Thanks to Chris Dealy at injixo
6. The Remote Work Environment
One security challenge contact centres are now facing is that remote agents are becoming more vulnerable to cyberattacks.
They may be tempted to use personal devices for work-related tasks or connect to unprotected public-wifi while travelling.
These risky behaviours and easy mistakes could be detrimental to your call centre security.
In the new era of remote work, protecting your customers’ data has never been more crucial. One simple mistake in the contact centre can jeopardize your customers’ trust and even put your company’s future in danger.
Thanks to Five9
7. Unsecured Home and Public Networks
Hybrid working offers many benefits such as flexibility and autonomy for contact centre workers, but it also poses a cybersecurity threat.
Unsecured home and public networks and using personal devices for work can increase the risk of cyberattacks and jeopardize data security.

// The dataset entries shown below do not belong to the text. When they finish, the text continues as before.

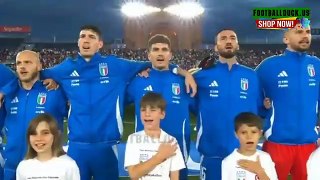 Italy vs Turkiye 0-0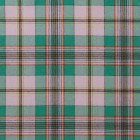 Reiver Light Weight Tartan Fabric - Craig Ancient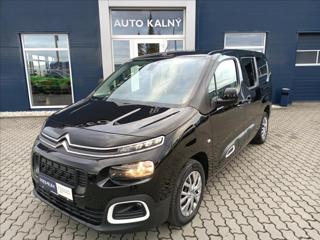 Citroën Berlingo Feel XL 1,5BlueHDi 130k, EAT8 MPV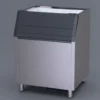 Réserve-Bac à Glaçons Inox 200kg - BREMA - BIN200-VM500/900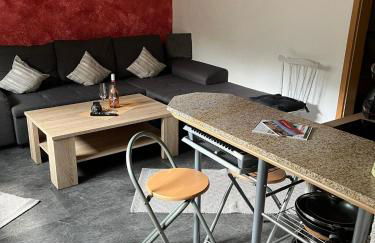 Ferienwohnung Hoppelnase mit eigener Sauna - Foto 11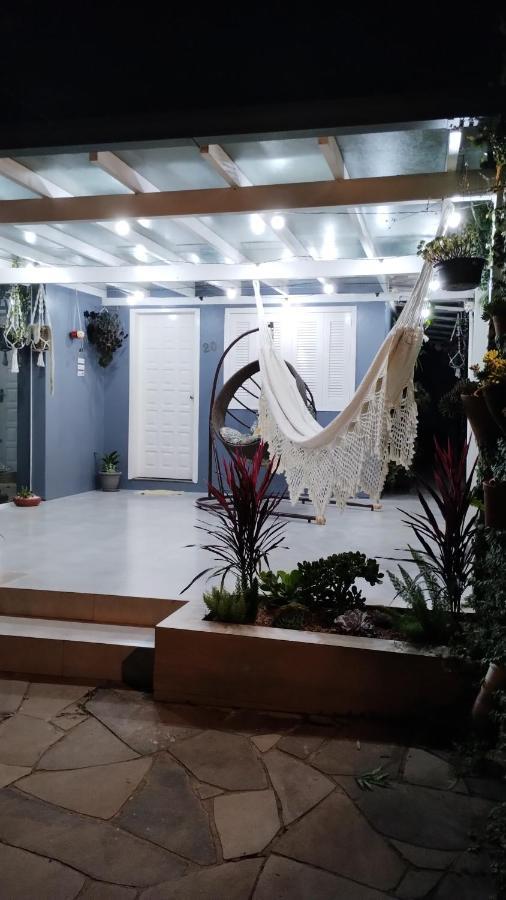 Recanto Da Familia Villa Gramado Ngoại thất bức ảnh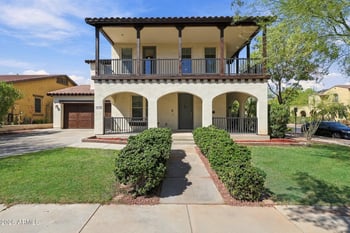 20420 W Terrace Ln, Buckeye, AZ 85396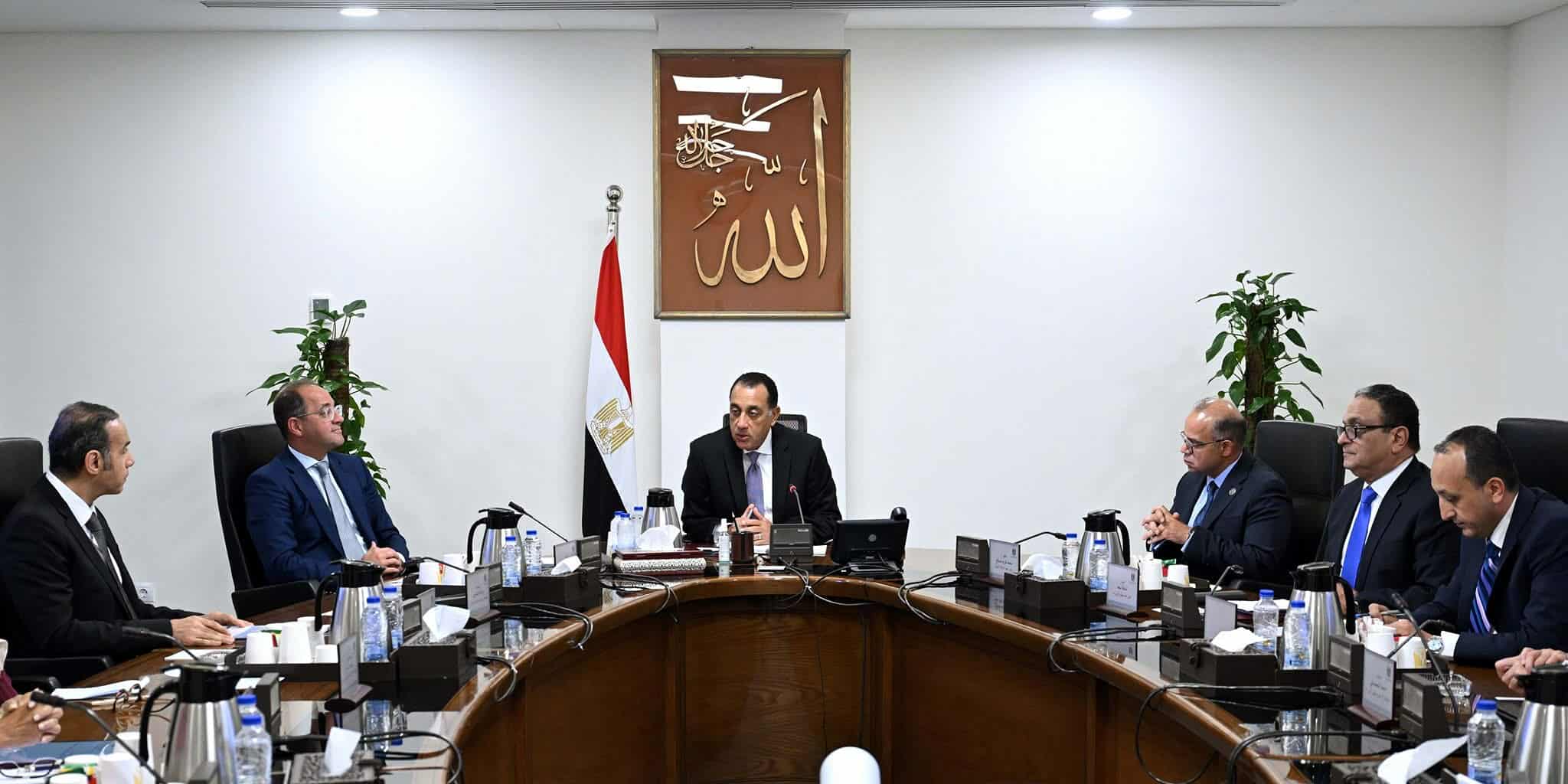 وعود رئيس البورصة في أول يوم بمنصبه: المشتقات وصانع السوق والكفاءة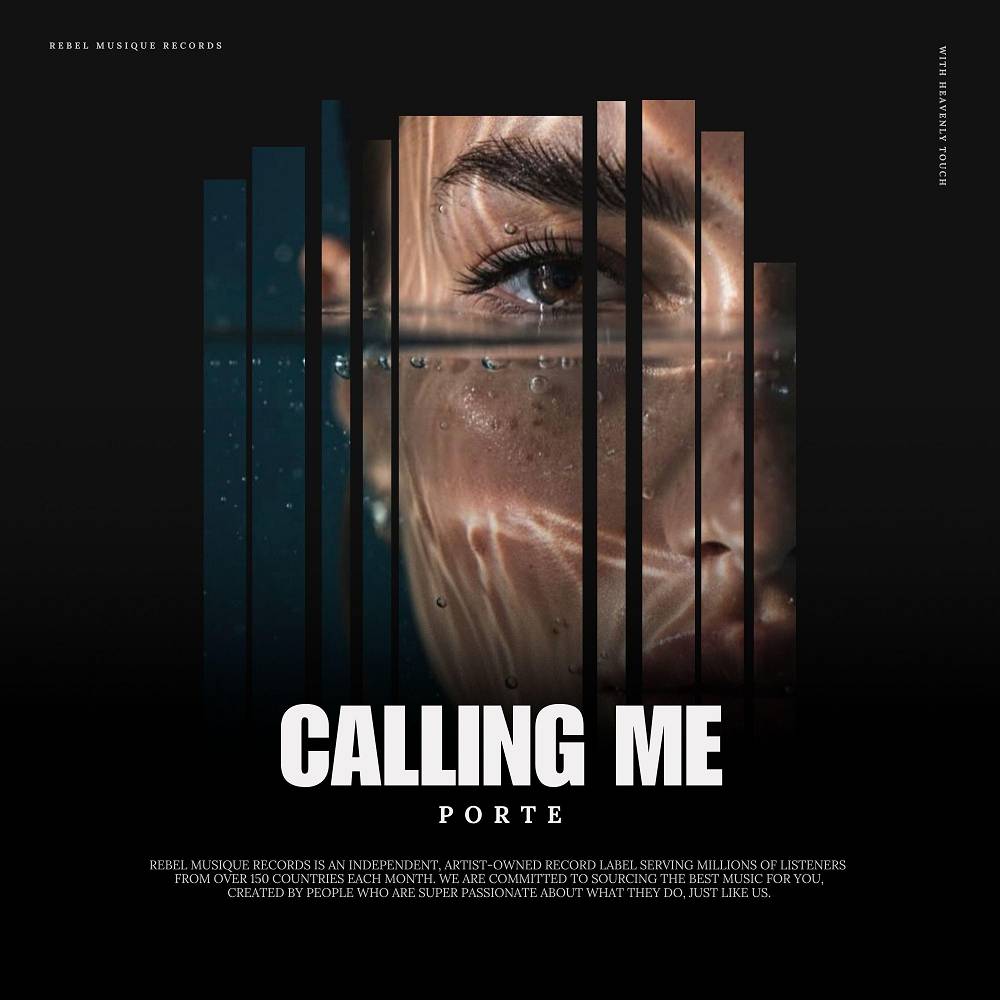 Calling Me - Porte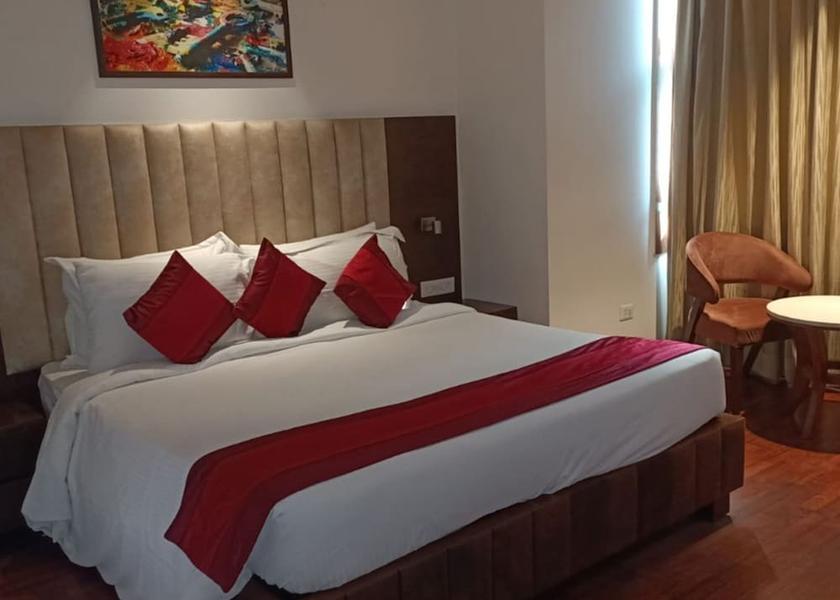 Telangana Mancherial Room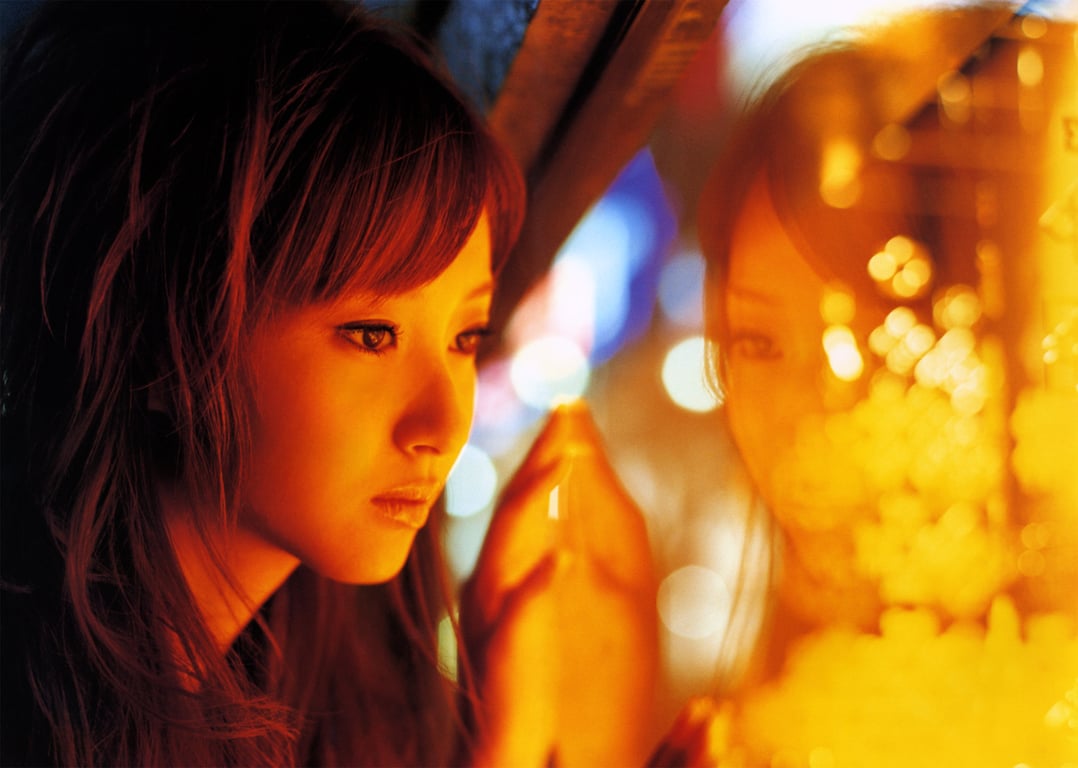 图片[51]-#藤本美貴 – cheri（雪莉） - 全本免费在线观看-阅图吧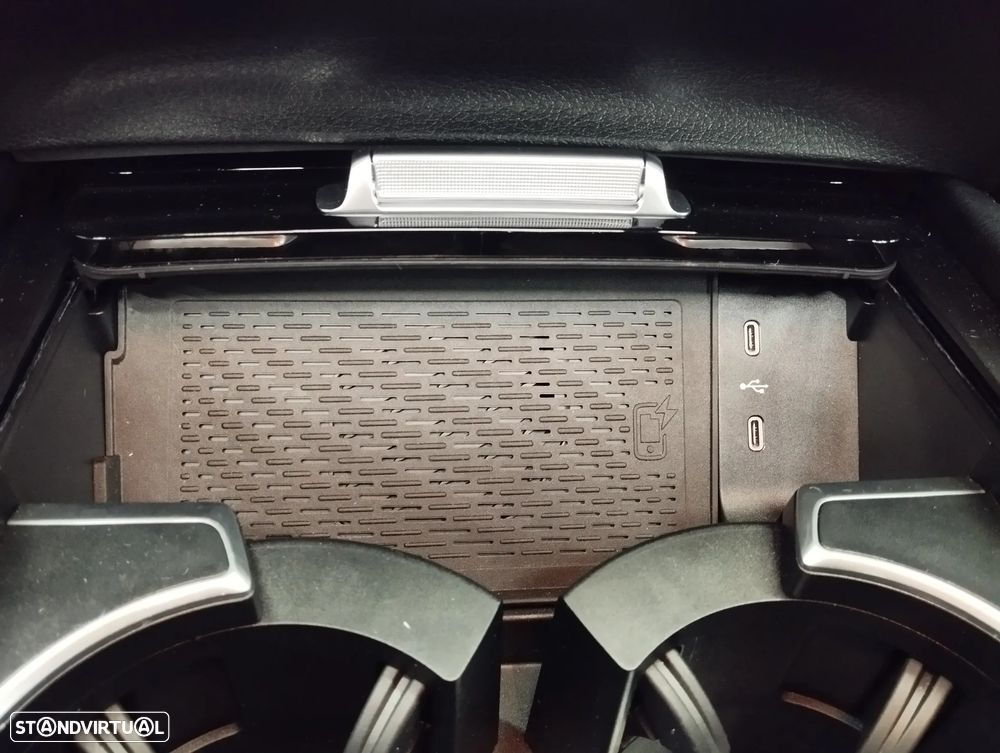 Mercedes-Benz GLE 350 de 4Matic - 52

Professional headsets with an ultra-secure wireless connection and the highest DECT security enable workers to communicate securely from any location.
Personal video cameras provide extra protection for secure hybrid working with a firmware update. Users can blur or replace their video background with a solid colour.
These background effects are processed and applied directly on the device using integrated Edge AI processing, ensuring that a user’s surroundings and sensitive data that may appear in the background of their original video image remain fully secure and completely private – never leaving the device.
8. Eavesdropping and Overhearing Conversations
In busy, noisy contact centre environments there is a constant need to safeguard customer discussions that can often involve sensitive information.
Professional headsets designed specifically with security in mind can reduce the risk of eavesdropping and the data breaches this causes.
Headsets with noise-cancelling technology that remove background sounds give peace of mind that conversations aren’t being overheard and customer/agent information remains confidential.
Voice-enhancing microphones also keep voices crystal clear for more focused conversations with high-quality sound.
Professional headsets designed for ultimate security and quality give contact centre staff the ability to work productively and securely from anywhere.
With the safest professional wireless headsets on the market, the connection between the wireless adapter and the headset is certified to the highest DECT Security – Level C – making it ultra-secure. It also has FIPS military-grade 256-bit encryption algorithms to effectively prevent eavesdropping on conversations.